Running the Analysis
To run this process from the command line we need to build the line indexes on the CSV first.
First for ACM…
cargo run --release --bin generate-vectors line-index --config ~/acm-dblp2/config -r ~/acm-dblp2/ACM.csv -i ~/acm-dblp2/ACM.line_index
Code language: JavaScript (javascript)
Then for DBLP2…
cargo run --release --bin generate-vectors line-index --config ~/acm-dblp2/config -r ~/acm-dblp2/DBLP2.utf8.csv -i ~/acm-dblp2/DBLP2.utf8.line_index
Code language: JavaScript (javascript)
One this is done we can fire off our match generation task to OpenAI supplying two files, one for correct matches and one for non-matches (which contains the negative information we need for the classifier).
The final command includes an --entity-description
flag. This flag is used to tell the LLM what type of record it is trying to match which can help it in determining whether the entities are the same.
cargo run --bin generate-vectors generate-matches --config ~/acm-dblp2/config --target-record-file ~/acm-dblp2/ACM.csv --target-record-file-index ~/acm-dblp2/ACM.line_index --source-record-file ~/acm-dblp2/DBLP2.utf8.csv --source-record-file-index ~/acm-dblp2/DBLP2.utf8.line_index -t ~/acm-dblp2/acm -s ~/acm-dblp2/dblp --answers-file ~/acm-dblp2/bootstrap-2.csv --non-matches-file ~/acm-dblp2/bootstrap-negative-2.csv --filter-field record --entity-description 'publication records'
Code language: JavaScript (javascript)
Once the match and non-match files are generated we can move on to finding weights.
cargo run --release --bin generate-vectors -- find-weights --config ~/acm-dblp2/dblp/config -s ~/acm-dblp2/dblp -t ~/acm-dblp2/acm -f "record" --initial-threshold 0.3 --answers-file ~/acm-dblp2/bootstrap.csv --non-matches-file ~/acm-dblp2/bootstrap-negative.csv --comparison-fields "title" "authors" "venue" "year"
Code language: JavaScript (javascript)
This results in an answer:
ROC AUC 0.9962237191263523
{"title":-41.40007,"authors":-32.478287,"venue":-2.607178,"__INTERCEPT__":10.33813,"year":-16.176899}
Code language: JavaScript (javascript)
An ROC AUC of 0.996 means we have a very high quality discriminator. If this number is not close to 1.0, then we probably have to change some portion of our analysis, but in our case we can forge ahead. We can then use these weights to make our final determination.
cargo run --release --bin generate-vectors -- compare -t ~/acm-dblp2/acm -s ~/acm-dblp2/dblp -f "record" --initial-threshold 0.4 -m 0.999 -c ~/acm-dblp2/dblp/config -o ~/acm-dblp2/auto-matches-learned.csv -w '{"title":-41.40007,"authors":-32.478287,"venue":-2.607178,"__INTERCEPT__":10.33813,"year":-16.176899}'
Code language: JavaScript (javascript)
After running this, we can compare with the complete match file for ACM-DBLP2 and we find that we get:
recall: 0.9995503597122302
precision: 0.9595141700404858
Code language: CSS (css)
And now we can turn recall down and precision up if we so desire by requiring that our threshold for the classification is a bit higher.
Conclusion
Utilising LLMs can help to remove humans from the loop of supervised training problems.
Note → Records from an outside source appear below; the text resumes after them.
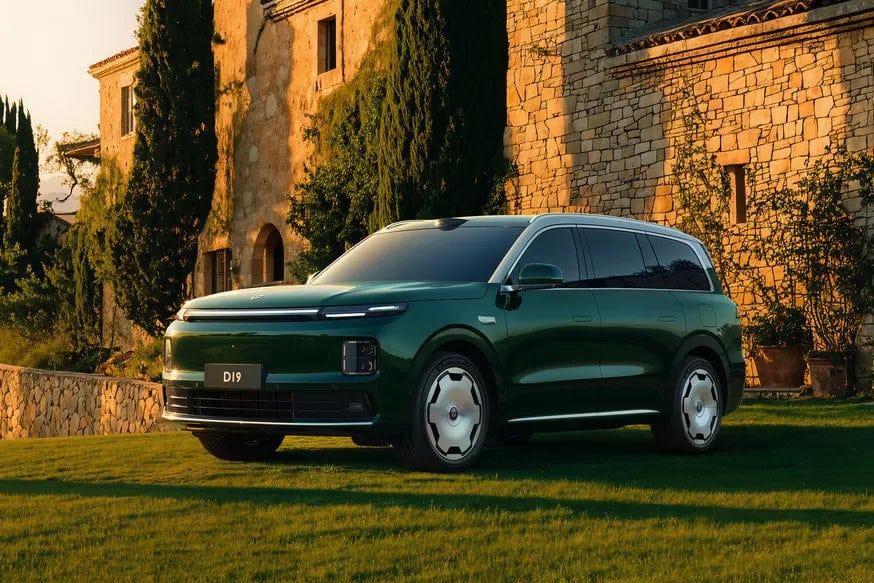 Leapmotor D19 avtomobili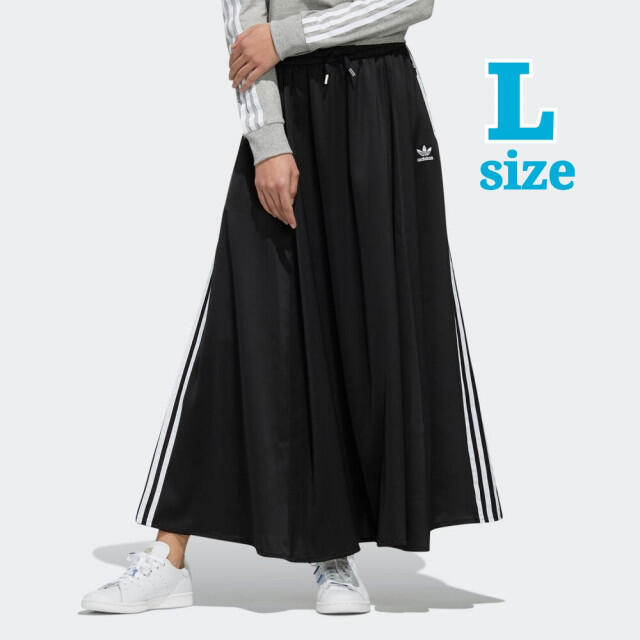 adidas(アディダス)のアディダス　スカート SKIRT　　K　L レディースのスカート(ロングスカート)の商品写真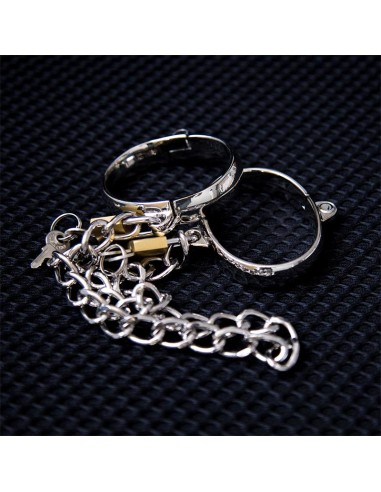 Esposas de Metal Mujer 55 cm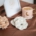 Zoey Macramé Flower Coasters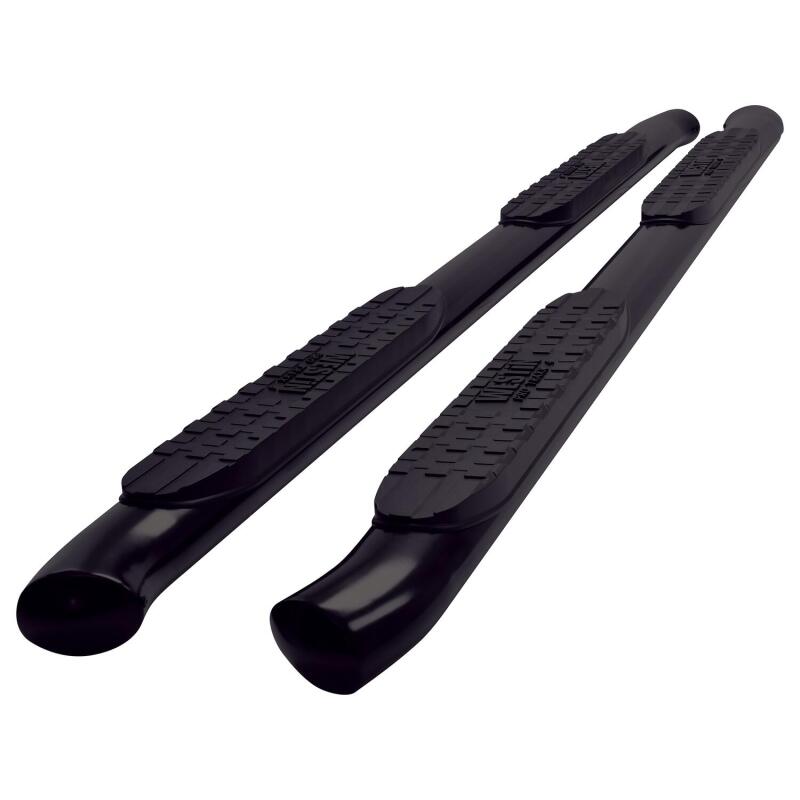 WES Nerf Bars - PRO TRAXX 4 - Westin 20-21 Ford Explorer PRO TRAXX 4 Oval Nerf Step Bars - Black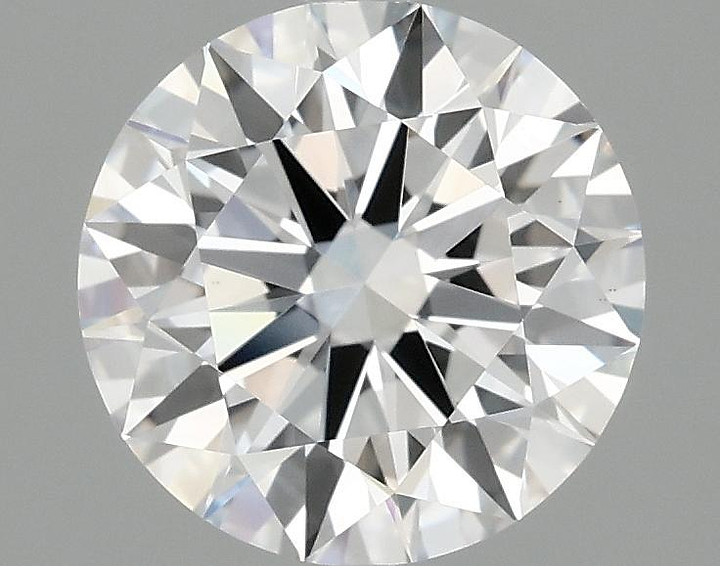 2.06 Carat Round Shaped Ideal Cut VVS2 IGI Certified Lab Grown Diamond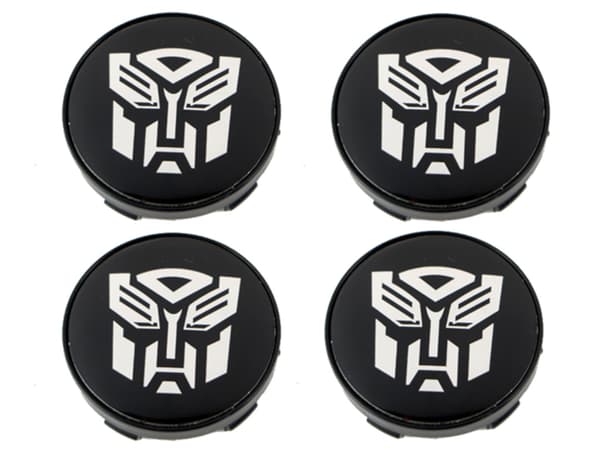 Transformers Autobots Centrumkåpor 60 mm styling 4-pack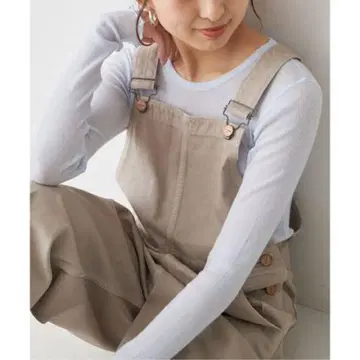 spick&span 시어 리브 롱T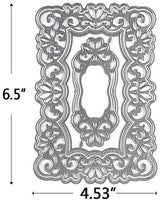 Plantillas de corte de metal para plantillas de troquelado, herramienta de grabación en relieve para álbumes de papel, tarjetas, álbumes de recortes, manualidades, troqueles grabados (estrellas) - Arteztik

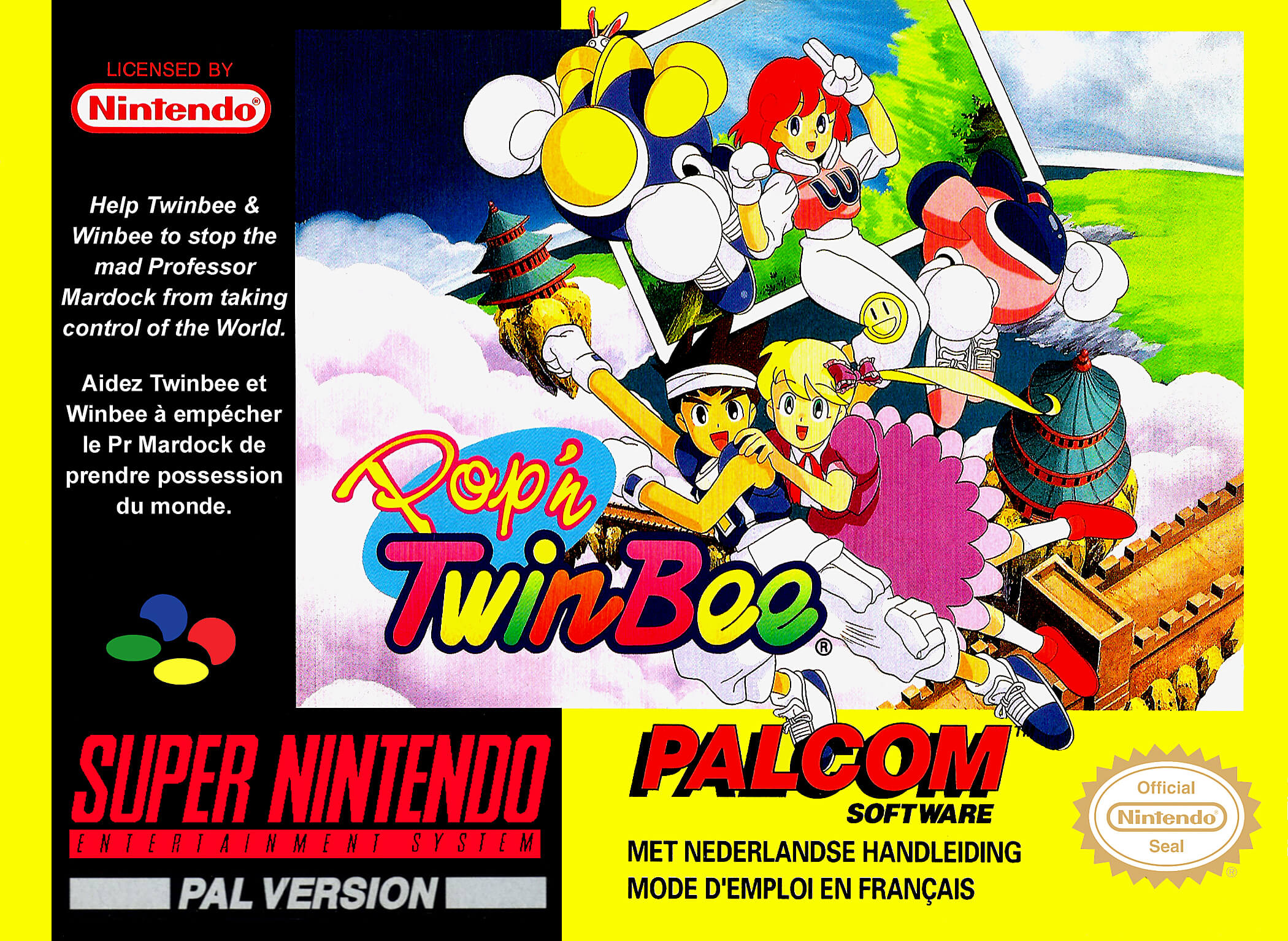 Pop’n TwinBee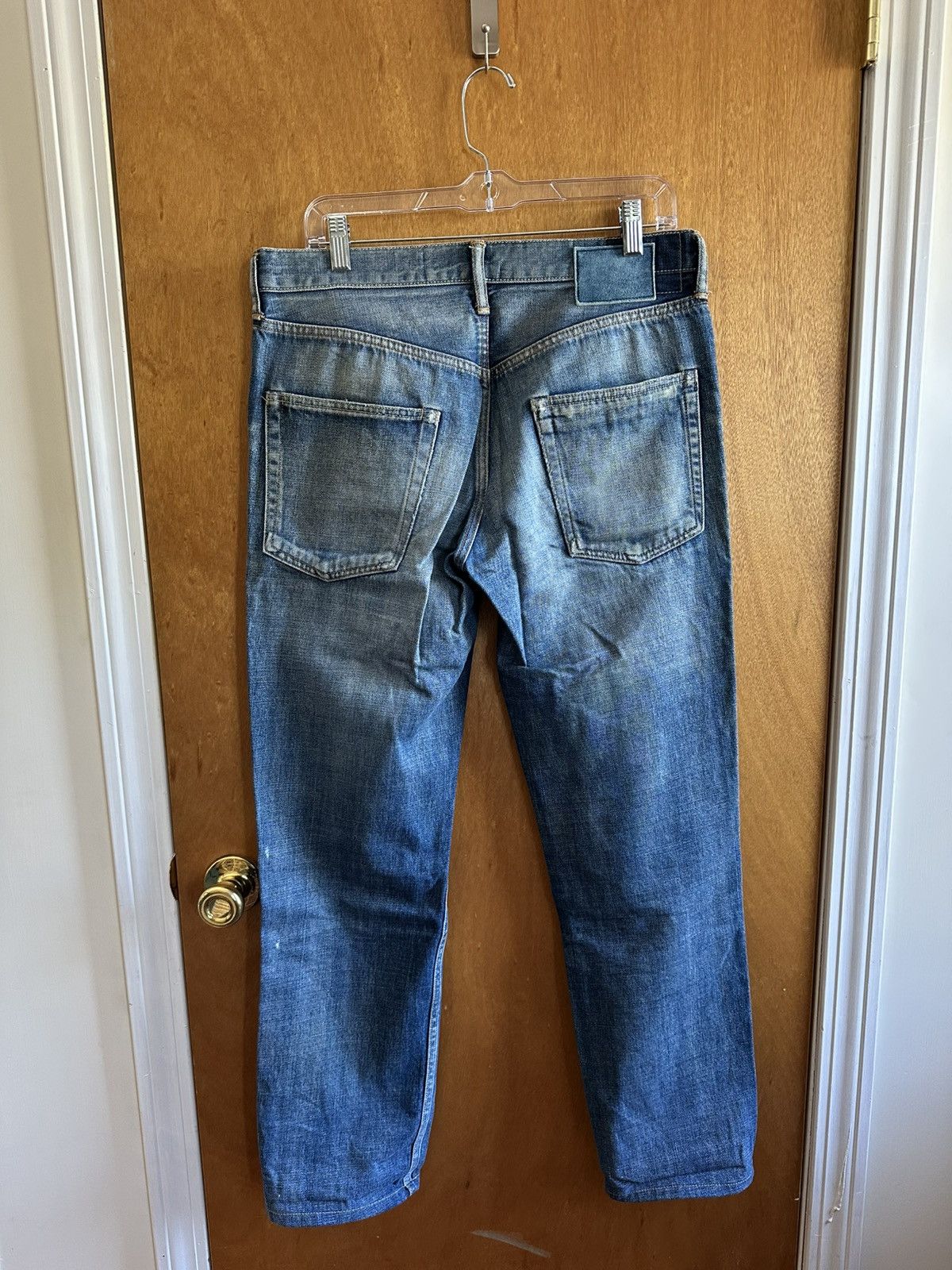 Visvim Visvim social sculpture denim Size US 32 / EU 48 - 2 Thumbnail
It takes a little effort to set things up so that the process works, but in so doing the results can be as good as those produced by humans. Currently the LLM is far too slow and expensive to be used as a classifier itself on large datasets, but since classifier training only requires small datasets, LLMs can fill the gap giving us a very fast comparison which can scale up to millions or even billions of records and need ony be trained on a small well selected sample driven by the LLM. LLM Classifier Bootstrapping is one of many ways that traditional ML will become more flexible with advances in LLM technology.